Earlier this week, Prime Minister Benjamin Netanyahu said Israel was "preparing for every scenario" and that "we will act to ensure the security interest of Israel's citizens in the future as well," Reuters reports. The Israeli military confirmed today that their soldiers "returned precise fire" after Syria fired on Israeli troops in the Golan Heights, Syrian territory that Israel has occupied since the 1967 war. Israel annexed the land in 1981, while Syria continues to claim it, leaving the border a cease-fire line. (Editor's Note: This article was amended to clarify the status of the Golan Heights dispute.) 

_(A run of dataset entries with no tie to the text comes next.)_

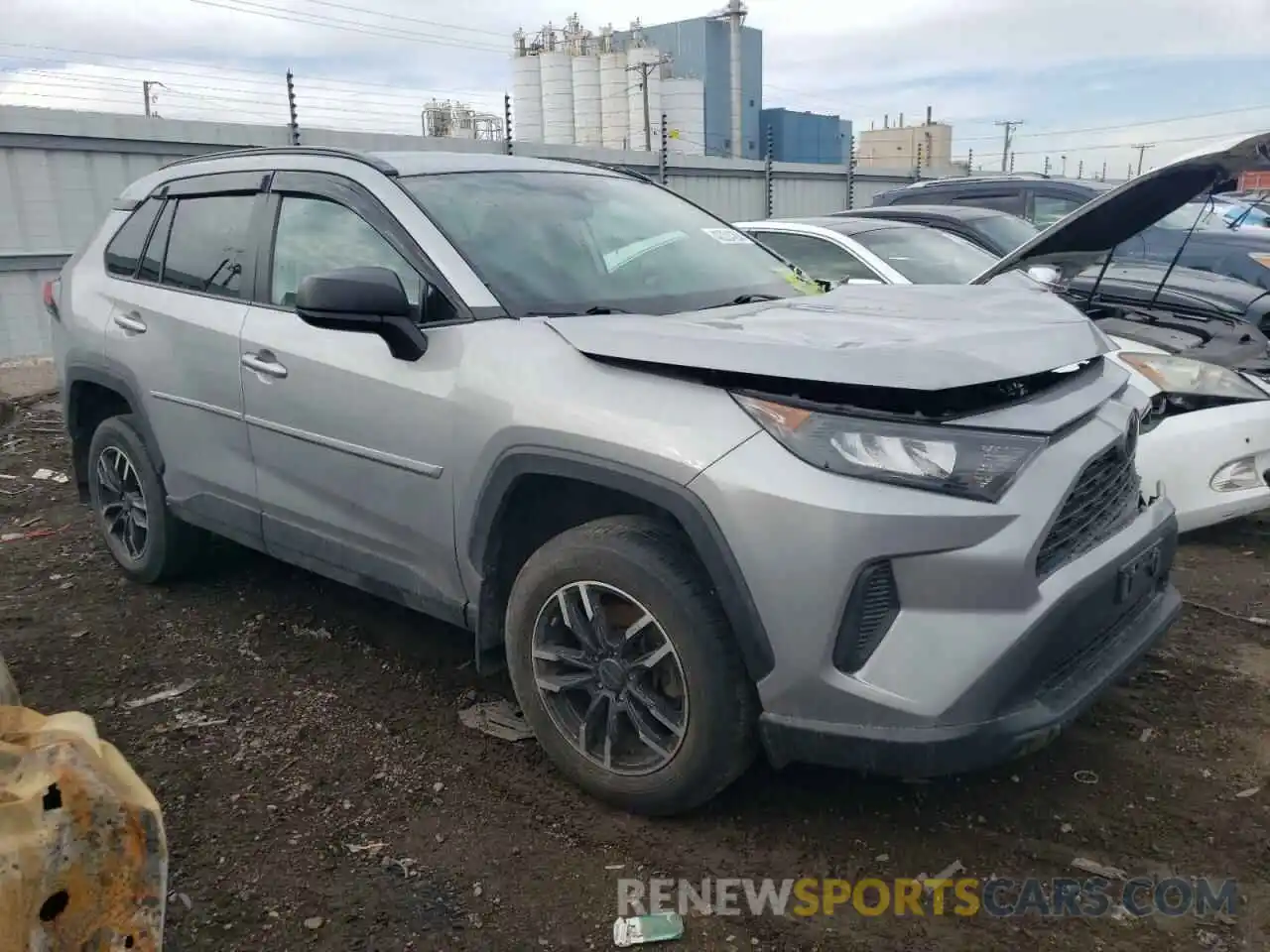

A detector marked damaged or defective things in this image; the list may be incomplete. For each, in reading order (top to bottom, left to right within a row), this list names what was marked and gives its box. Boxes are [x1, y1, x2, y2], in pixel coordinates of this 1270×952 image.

cracked headlight [1119, 355, 1262, 403]
cracked headlight [730, 393, 1048, 502]
rusted metal scrap [0, 654, 167, 952]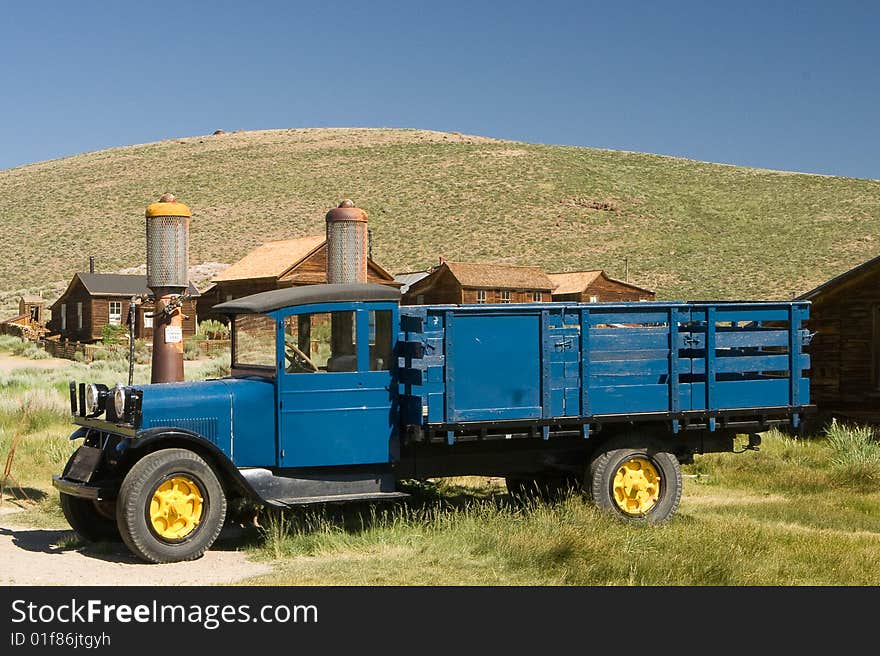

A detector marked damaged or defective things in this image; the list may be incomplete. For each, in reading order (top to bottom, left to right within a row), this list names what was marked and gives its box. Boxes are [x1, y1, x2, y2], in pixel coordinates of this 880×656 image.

rusty fuel column [144, 192, 191, 382]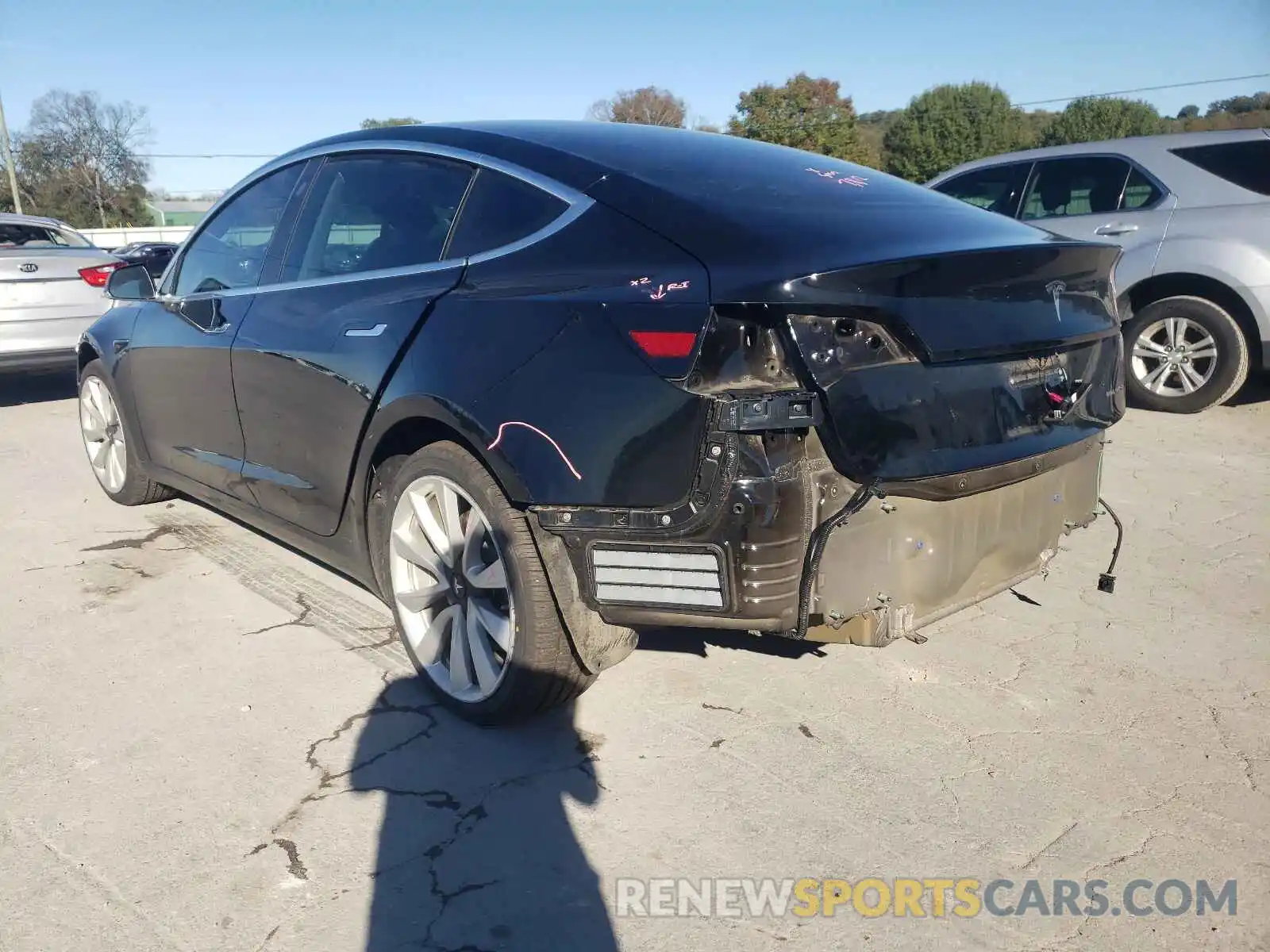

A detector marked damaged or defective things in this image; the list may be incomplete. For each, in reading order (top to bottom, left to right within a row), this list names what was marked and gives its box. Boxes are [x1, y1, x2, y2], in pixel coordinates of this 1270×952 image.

dent on car door [120, 160, 314, 500]
dent on car door [229, 149, 477, 538]
damaged rear end of car [530, 141, 1127, 654]
cracked concrete pavement [0, 368, 1264, 949]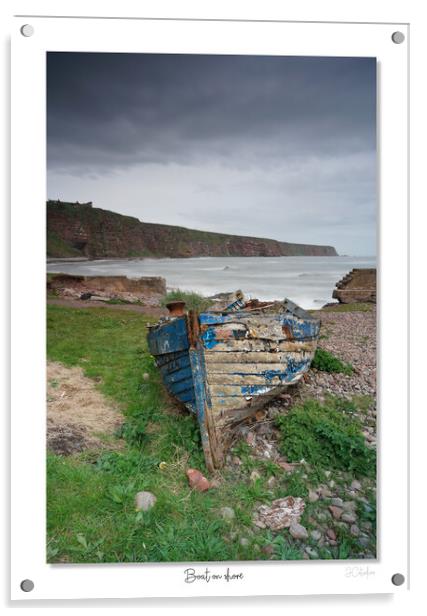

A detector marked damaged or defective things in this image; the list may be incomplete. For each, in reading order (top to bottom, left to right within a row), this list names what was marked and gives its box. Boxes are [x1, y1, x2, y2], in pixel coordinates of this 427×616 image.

wrecked wooden boat [147, 294, 320, 472]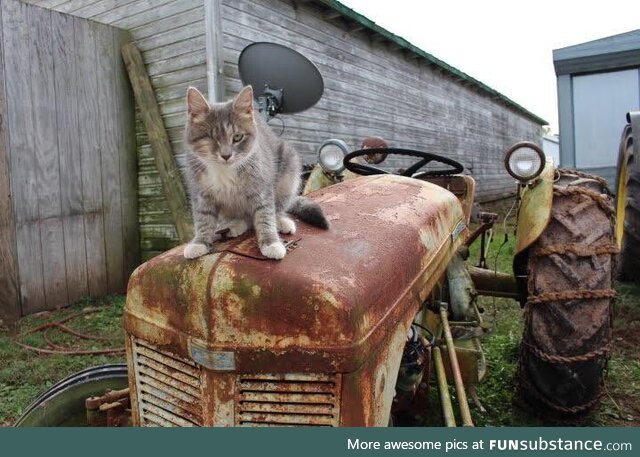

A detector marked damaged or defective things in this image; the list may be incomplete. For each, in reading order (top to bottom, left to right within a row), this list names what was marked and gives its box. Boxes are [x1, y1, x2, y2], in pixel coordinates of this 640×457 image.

rusty old tractor [16, 140, 616, 428]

The Times of Israel reports that the Syrian Army stated that its troops "destroyed" an Israeli military vehicle, along with those in it, but that the Israel Defense Forces spokesman's office reported that a vehicle was "hit by light weapons fire, causing slight damage to the vehicle." It was the first time that the Syrian Army acknowledged firing across the border into Israel since the outbreak of civil war.

The Times of Israel posits that the acknowledgement was "an attempt by President Bashar [al-Assad]'s regime to project toughness following three Israeli airstrikes near Damascus" in the last month to which it did not retaliate.

Until civil war erupted in Syria, the border had been relatively quiet since 1973, the last time Israel and Syria fought a war. Even now, Israel's involvement has little to do with the Syrian government itself, but with the possibility of an uptick in the number of weapons bound for Hezbollah, the Lebanese Shiite militant group that is a key ally of Syrian President Bashar al-Assad, a client of Iran, and one of the greatest threats to Israel.

Michael Herzog, a former Israeli defense ministry chief of staff and current fellow at the Washington Institute for Near East Policy, wrote following an Israeli airstrike near Damascus earlier this month that Israel's "actions were driven not by ambitions to shape Syria's future, but by concerns about the strategic balance between itself and the Hezbollah-Iran axis."

Israeli decision-makers are under no illusion that they can elicit a desirable outcome in Syria. Instead, Israel prefers to keep a low profile and focus on other pressing challenges, paramount among them Iran's drive towards nuclear weapons. Israeli actions in Syria are therefore focused on addressing direct threats to its security, particularly the transfer of strategic weapons to Hezbollah.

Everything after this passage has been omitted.